The rule’s other provisions, which compare graduates’ debt to earnings, “were based upon expert studies and industry practice—objective criteria,” the judge ruled.

But because the debt-to-income measures were intertwined with the debt-repayment measure, he said, he had to vacate them too.

By the same reasoning, he also vacated two other provisions that rely in part on the debt-repayment measure: one that requires institutions seeking to offer a new vocational program to get prior approval from the Education Department, and one that requires institutions to provide data to the department for calculating the debt measures.

The Education Department also ordered institutions to disclose a vocational program’s costs, on-time graduation rate, job placement rate and median loan debt to potential students. That part of the rule will stand.

A 35 percent repayment rate is embarassingly low, writes Ed Sector’s Kevin Carey. Can the industry really make an argument for a lower rate? 

The for-profit industry’s trade group is standing up in front of the world and saying it can’t live with a rule that excludes programs from federal financial aid only if two-thirds of students are failing to pay loans back and–emphasis, and–the program also fails both debt-to-income measures, for three out of four years.

The Education Department is likely to appeal the ruling. The judge wants more justification for the repayment rate. That ought to be doable.

The higher ed bubble

Instapundit Glenn Reynolds’ new book, The Higher Education Bubble, argues that students are taking on crippling debt for degrees of varying value.

After college, what will you earn?

If college is an investment, students should have some idea what they’ll earn with a degree in nursing or marketing or whatever from College X vs. College Y, writes Daniel de Vise in College, Inc. Soon more information will be available about post-college employment.

Especially as college continues to get more expensive, students rightfully want to make sure that that their investment has value. They’re asking: What are the chances I’m going to get a job earning a decent wage? And if I’m choosing between two or three schools as a prospective student, which will give me the biggest bang for my (and my family’s) buck?

The Labor Department is working with the states to share data on earnings and employment.  In addition, the Education Department will be releasing “gainful employment” reports on how for-profit and community colleges’ vocational certificate earners are doing in the workforce.

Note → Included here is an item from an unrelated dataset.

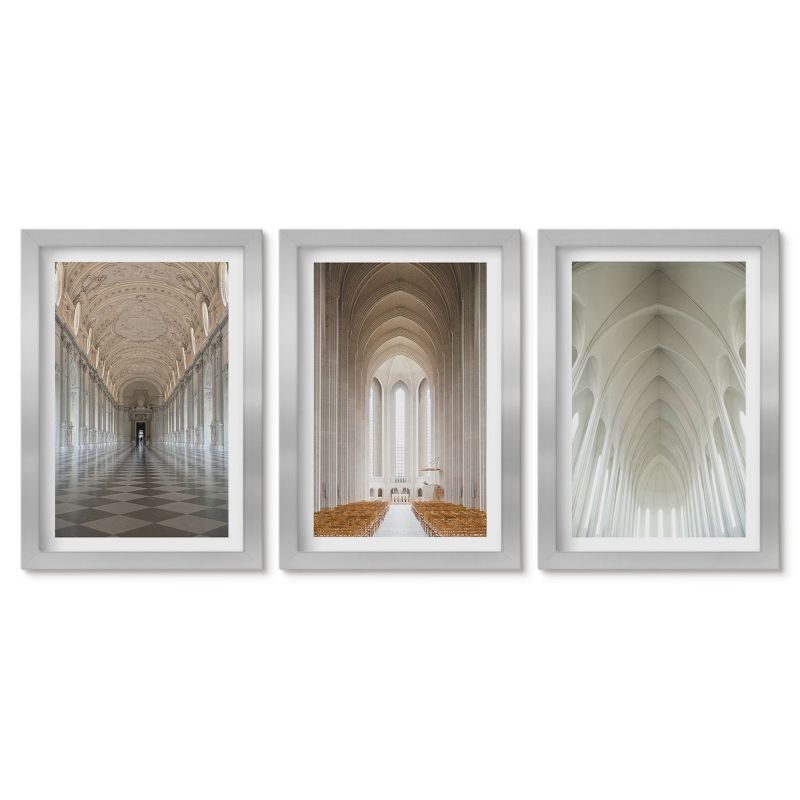 Zestaw 3 obrazów w srebrnej ramie Tulup 20x30 cm Wnętrza historycznych budowli Małe obrazy do kuchni w ramie 1 kpl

“If these reports show wide disparities among graduates from different colleges, can it be long before the same data are demanded for all bachelors’ degree programs?” asks de Vise.

The drive to raise graduation rates doesn’t address degree quality, he points out.  For most students — and especially those from low-income and working-class families — it’s important to earn a credential that puts them “on a path to earning a decent living.”

If students understood college costs and potential earnings, they’d be wary of enrolling in a high-cost for-profit college, especially for a bachelor’s degree program. They’d also avoid high-cost private colleges that don’t offer a lot of financial aid and an elite degree.

In Student Loans Weighing Down a Generation With Heavy Debt, the New York Times introduces a debt-doomed borrower: Kelsey Griffith, 23, borrowed $120,000 to earn a marketing degree from Ohio Northern University. She’s working two restaurant jobs and will move in with her parents while looking for a marketing job.

Her father, a paramedic, and mother, a preschool teacher, have modest incomes, and she has four sisters. But when she visited Ohio Northern, she was won over by faculty and admissions staff members who urge students to pursue their dreams rather than obsess on the sticker price.

“As an 18-year-old, it sounded like a good fit to me, and the school really sold it,” said Ms. Griffith, a marketing major. “I knew a private school would cost a lot of money. But when I graduate, I’m going to owe like $900 a month. No one told me that.”

Ninety-four percent of students who earn a bachelor’s degree borrow to pay for higher education — up from 45 percent in 1993, according to a Times analysis of Department of Education data. This includes federal and private loans.

“Pursue your dreams” — but don’t do the math — is a cruel hoax being played on 18-year-olds and their financially naive parents.